Logistics round-up: huge GXO profits & DHL's US boohoo deal

DHL Supply Chain to manage Boohoo’s US operations; GXO posts Q3 revenues of $1.3 billion; Inflation hits US freight volumes

GXO posts Q3 revenues of $1.3 billion

Contract logistics provider GXO Logistics has posted Q3 revenue of US$2.3bn, 16% higher than the prior-year period, reports 

In early October, the company received UK regulatory clearance of its $1.3bn acquisition of Clipper Logistics, a British firm with a strong position in reverse logistics, a segment that accounts for about 10% of GXO’s revenue but is growing faster than the rest of the company. The ensuing integration, which is underway, will result in cost synergies during 2023 and 2024, GXO said.

Retail generated by far the largest amount of GXO’s revenue, with $919mn. That was followed by food and beverage ($335mn). The UK ($890mn) was GXO’s most active area in the quarter, followed by the US ($709mn).

Inflation hits US freight volumes

Evolving consumer buying habits and rising interest rates designed to combat inflation has hit US freight industry volumes.

Container spot-rates to the US West Coast have dropped from $9,600 to $3,800, a reflection of slowing demand. 

With fewer loads and a slower-than-normal peak season, winning bids presents a unique challenge for freight brokers, say analysts.

“Competition among freight brokers to win new customer bids has become fierce,” says Ashley McMillan, a Senior Sales Manager with Denim, a US-based financial enablement platform for the logistics industry. “Not just on price but also because of increased customer diligence when it comes to analysing available services during the bidding process.” 

She adds: “Customers are prioritising on-time delivery rates, reduction in missed pick-ups, and visibility on in-transit goods with GPS tracking. 

McMillan predicts that 2023 will see large freight brokerages change tack, by reducing customer rates below spot-market price.

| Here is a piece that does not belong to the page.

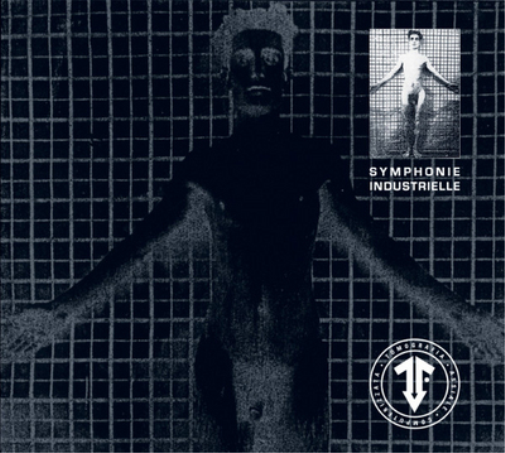 T.A.C. Symphonie Industrielle (CD) Album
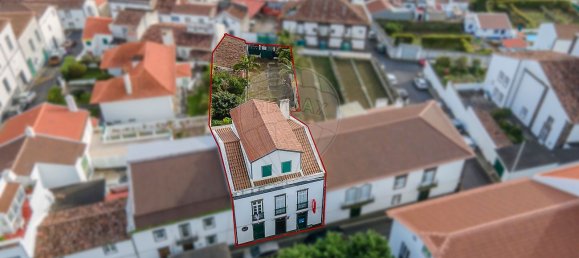 Дом с 5 спальнями в Вила Франка ду Кампу, Португалия № 44207 25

“They’ll take losses to secure customers now, while hoping they can maintain their relationships when the market recovers,” she says.

DHL Supply Chain to manage Boohoo’s US operations

DHL Supply Chain has been chosen by clothing chain Boohoo Group to manage its first US distribution centre. DHL Supply Chain will provide boohoo with warehousing solutions to enable the company’s expected growth in the US market.

Boohoo’s generates annual sales of around $2.4bn, and its popularity in the US continues to grow. DHL will lead the operation of a 1.1 million-square-foot distribution centre in Elizabethtown, Pennsylvania. 

The centre is expected to open in early 2023 and will allow the company to offer a next-day service to the New York City metro region – a key customer area for the fashion brand.

Since 2006 Boohoo has serviced the US market through its UK network since 2006, but growing US order volumes has made a direct-to-consumer fulfilment centre “a necessity”, says Kraig Foreman, President, eCommerce, DHL Supply Chain. 

He adds: “The new facility will reduce transportation costs, improve service, and drive greater agility and speed, getting the latest trends into customers’ hands faster.”

DHL will hire 1,000 associates to staff the facility over th first year, with a further 2,500 expected over the next three years. 

DHL will introduce solutions including Automated Storage and Retrieval System (ASRS) and a high-speed pouch sorter, making it one of the most cutting-edge warehousing solutions on the market. 

Boohoo Supply Chain Director David James says: “Our inventory management is an extremely important element of our commitment to a superior customer experience. 

“We trust DHL Supply Chain to handle our operations at our new US site, leveraging their commitment to advanced digitalization to ensure we meet our customers’ expectations.”